INSTRUCTIONS TO FOLLOW -
Copy nothing but the line with "Natural Black Onyx Beads Strands G-K183-02-2" and the lines that follow it to the end of the entries below, and keep the pictures out.

RECORDS FOR THE TASK -
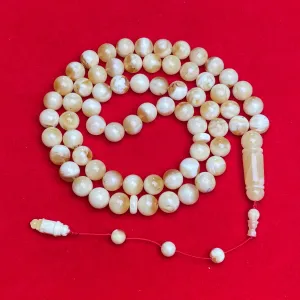 WHITE AMBER MISBAHA 10,4mm 43,6g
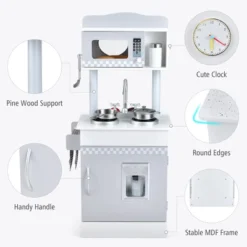 Costway Kids Kitchen PlaySet Pretend Wooden Play Kitchen With IceDispenser&Stovefor Toddler -Kiddie Kingdom Store GUEST a236de9b cd0e 4fd0 89ff c739df99b13a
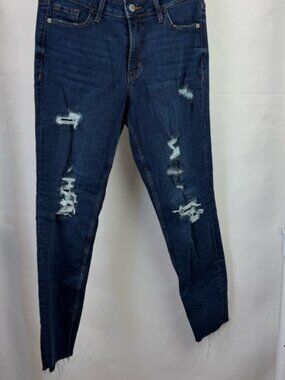 Super Skinny High-Rise Jeans Distressed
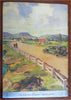 Quebec Gaspe Peninsula 1930's advertising travel brochure w/ large folding map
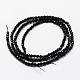 Natural Black Onyx Beads Strands G-K183-02-2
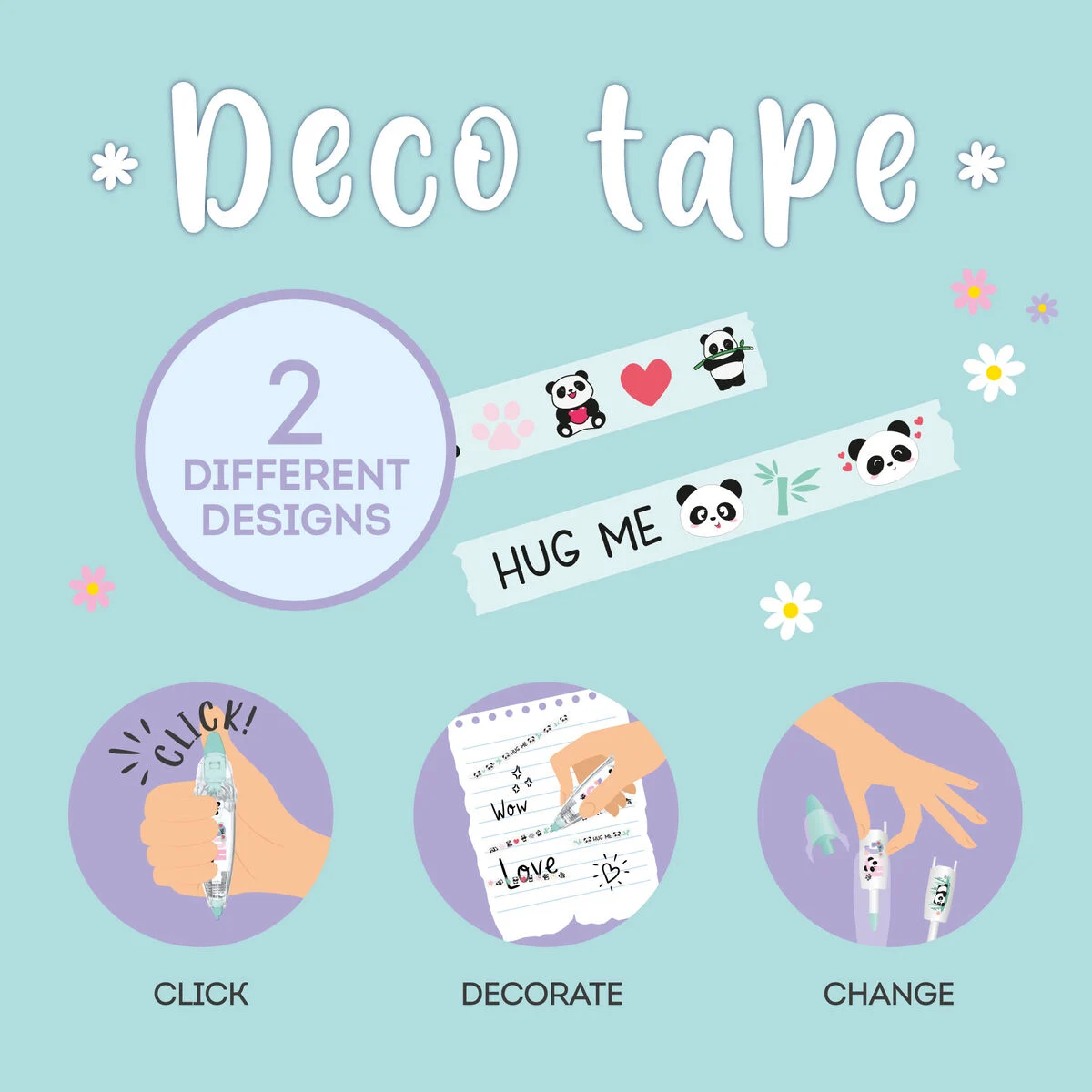 Penna a Nastro per Decorazione Panda - Deco Tape - immagine 2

TASK SOLUTION -
 Natural Black Onyx Beads Strands G-K183-02-2
 Penna a Nastro per Decorazione Panda - Deco Tape - immagine 2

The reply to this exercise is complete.